Mas não aparentava ter medo.

“Você está bem?”

Concordei com a cabeça.

“Não posso acreditar!”

Ele dizia como se fosse algo inacreditável.

Me afastei devagar, e assim que alcancei uma distância aceitável corri para minha caverna.

Eu estava com medo.

O homem veio atrás de mim me impedindo de fechar a “porta”.

“Por favor, se acalme, eu não vou te machucar.”

Ele se aproximou e esticou a mão em minha direção para me tocar.

Me encolhi o máximo que pude, abracei os joelhos fazendo alguns cortes voltarem a sangrar.

Senti seu toque em minha cabeça.

“Desculpe te assustar, não estou acostumado a ter pessoas por perto”

“Nem eu”

Respondi baixo

“Meu nome é Zeref, e o seu?”

Nome...

Eu não tinha.

E se tinha, não sabia.

“Eu não tenho nome”

Ao falar isso senti uma solidão enorme em meu peito.

Eu nunca precisei de nome, nunca tive ninguém para conversar, nunca pude me aproximar de alguém.

“Aime Lire”

Ele falou olhando para os livros que eu tinha.

Apenas olhei curiosa para Zeref.

“Aime Lire... Poderia ser seu nome”

“Por que?”

“Significa que você gosta de ler, é francês”

Naquele momento eu senti algo novo para mim.

Essa sensação de calor e conforto.

Seria está a felicidade?

Senti lagrimas se acumularem em meus olhos e minha visão se embaraçou.

“Pode chorar, chorar as vezes faz bem”

Ele falou me abraçando e afagando minhas orelhas.

E eu desabei.

Toda aquela tristeza e solidão que sempre estavam comigo pareciam não existir mais.

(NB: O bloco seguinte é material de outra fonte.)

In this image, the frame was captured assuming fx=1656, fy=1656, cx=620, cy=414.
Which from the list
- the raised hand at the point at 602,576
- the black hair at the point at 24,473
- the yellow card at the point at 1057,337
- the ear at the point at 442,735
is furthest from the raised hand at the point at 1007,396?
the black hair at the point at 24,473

Zeref ficou comigo todo o tempo em que eu chorava.

Quando parei ele tinha um pequeno sorriso no rosto.

“Eu estou feliz, nunca pude me aproximar de ninguém por causa da minha magia”

“Eu também”

Eu disse me separando dele que ainda estava abraçando-me.

“Por que?”

Ele perguntou sem entender.

E eu lhe expliquei tudo.

E quando terminei ele aparentava estar irritado.

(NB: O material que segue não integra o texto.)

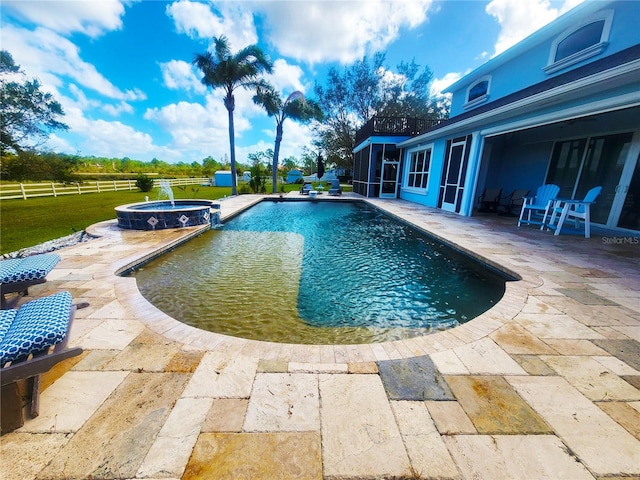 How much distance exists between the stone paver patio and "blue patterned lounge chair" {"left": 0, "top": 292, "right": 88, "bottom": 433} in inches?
5.6

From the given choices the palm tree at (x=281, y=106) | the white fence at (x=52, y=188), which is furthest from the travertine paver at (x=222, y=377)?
the palm tree at (x=281, y=106)

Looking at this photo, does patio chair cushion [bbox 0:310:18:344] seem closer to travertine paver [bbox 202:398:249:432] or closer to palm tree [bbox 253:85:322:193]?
travertine paver [bbox 202:398:249:432]

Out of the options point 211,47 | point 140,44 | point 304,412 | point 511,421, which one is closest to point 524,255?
point 511,421

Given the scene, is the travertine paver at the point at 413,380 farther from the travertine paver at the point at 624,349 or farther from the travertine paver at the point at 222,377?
the travertine paver at the point at 624,349

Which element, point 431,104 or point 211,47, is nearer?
point 211,47

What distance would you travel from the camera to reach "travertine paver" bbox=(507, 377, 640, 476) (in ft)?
4.00

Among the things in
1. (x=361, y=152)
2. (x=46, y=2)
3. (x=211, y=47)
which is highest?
(x=211, y=47)

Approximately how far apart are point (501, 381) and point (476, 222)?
6.73 meters

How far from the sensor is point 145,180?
1672 centimetres

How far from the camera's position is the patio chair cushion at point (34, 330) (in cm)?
134

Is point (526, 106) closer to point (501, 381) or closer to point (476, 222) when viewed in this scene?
point (476, 222)

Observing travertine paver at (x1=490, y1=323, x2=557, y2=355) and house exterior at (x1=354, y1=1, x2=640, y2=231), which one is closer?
travertine paver at (x1=490, y1=323, x2=557, y2=355)

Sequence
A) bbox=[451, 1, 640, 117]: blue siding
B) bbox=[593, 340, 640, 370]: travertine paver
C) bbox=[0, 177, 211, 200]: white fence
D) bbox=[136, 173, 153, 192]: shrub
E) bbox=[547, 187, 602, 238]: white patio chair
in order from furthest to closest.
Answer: bbox=[136, 173, 153, 192]: shrub, bbox=[0, 177, 211, 200]: white fence, bbox=[451, 1, 640, 117]: blue siding, bbox=[547, 187, 602, 238]: white patio chair, bbox=[593, 340, 640, 370]: travertine paver

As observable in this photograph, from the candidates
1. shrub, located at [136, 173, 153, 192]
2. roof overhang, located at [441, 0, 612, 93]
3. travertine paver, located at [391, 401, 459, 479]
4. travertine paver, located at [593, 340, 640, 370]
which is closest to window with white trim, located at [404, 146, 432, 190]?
roof overhang, located at [441, 0, 612, 93]
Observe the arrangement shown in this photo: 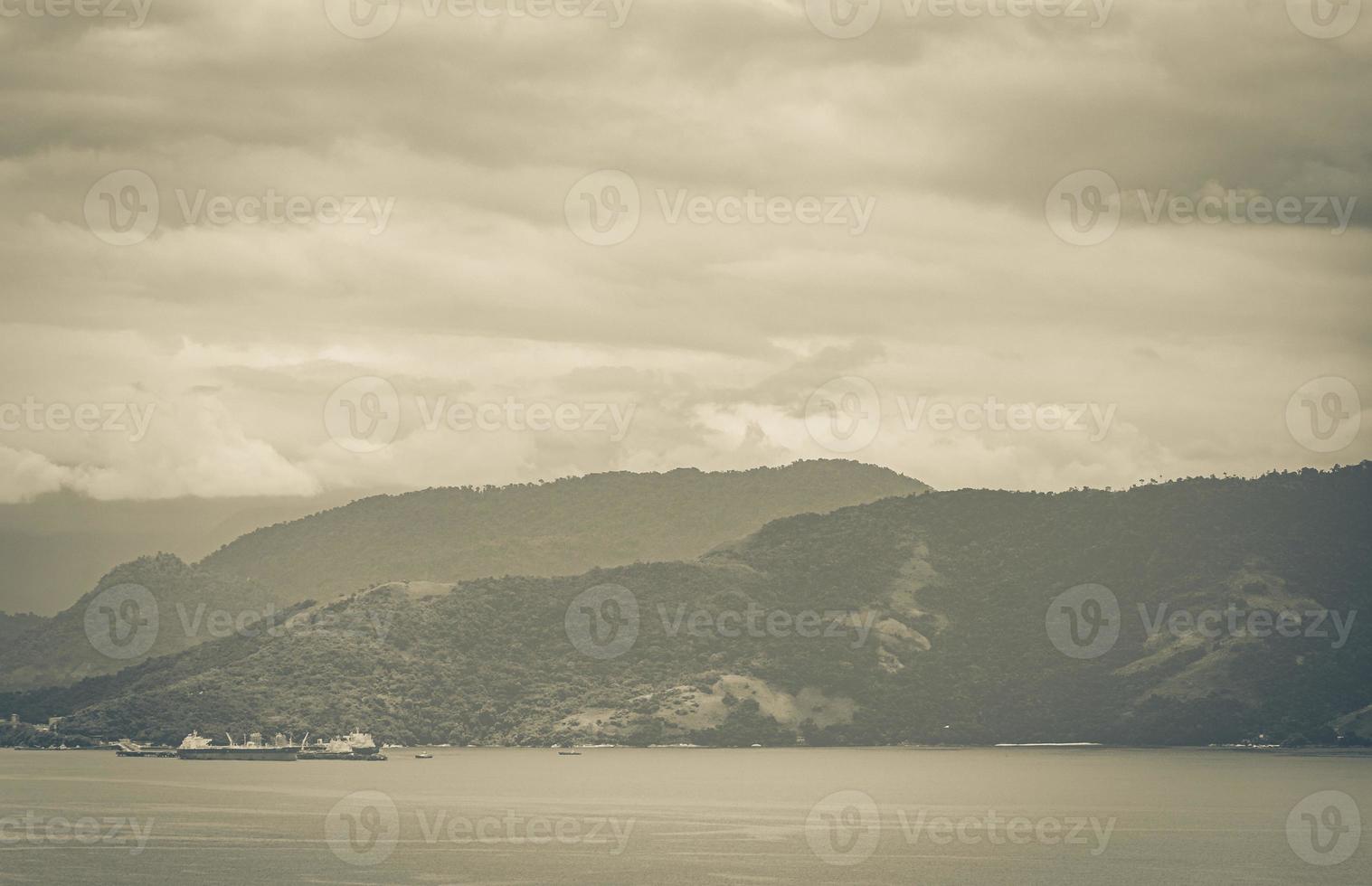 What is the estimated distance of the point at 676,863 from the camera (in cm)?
14450

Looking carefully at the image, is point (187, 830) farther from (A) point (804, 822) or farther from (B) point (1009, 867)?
(B) point (1009, 867)

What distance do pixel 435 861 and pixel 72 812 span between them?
72672 mm

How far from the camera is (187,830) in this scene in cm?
17412

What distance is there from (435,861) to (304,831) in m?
33.6

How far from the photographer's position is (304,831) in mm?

Mas se acalmou quando lhe perguntei sobre sua história.

E ele me contou.

Sua magia matava todos os seres vivos que se aproximavam.

Se assustou quando, sem querer se aproximou de mim e nada aconteceu.

E ficara feliz em descobrir que seu poder não fazia efeito em mim.

Nos tornamos amigos.

Ficaria ali comigo até meus machucados se curarem.

E depois ele me levaria com ele.

Conhecer o mundo.

Eu não queria me separar dele.

Era meu único amigo.

A única pessoa que eu conhecia.

O único que não tinha medo de mim.

Quando meus machucados se curaram.

Ele me levou até a vila.

Eu estava com medo do que aconteceria.

Mas ele me prometeu que não deixaria nada acontecer comigo.

Alguns aldeões olhavam feio para mim.

Outros avançaram alguns passos em nossa direção.

Mas recuavam quando os olhos de Zeref caiam sobre eles.

Apesar de assustada, eu estava feliz.

Mas eu estranhava, de certo modo, andar nas ruas da vila sobre luz do dia, com tantas pessoas, tanto barulho e vida.

Devia ser porque eu estava acostumada a vir aqui a noite, quando estavam todos em suas casas.

Zeref parecia incomodado.

Ele notou que eu notei e sorriu para mim, como se disse que estava tudo bem.

Pegamos algumas coisas na cidade e voltamos para a floresta.

Eu nunca estive mais feliz.

Notas finais
Escrevi esse capitulo sobre a Lire porque precisava mostrar o passado dela para nao ficarem com muitas duvidas nos próximos capítulos. Obrigado por lerem, bjs!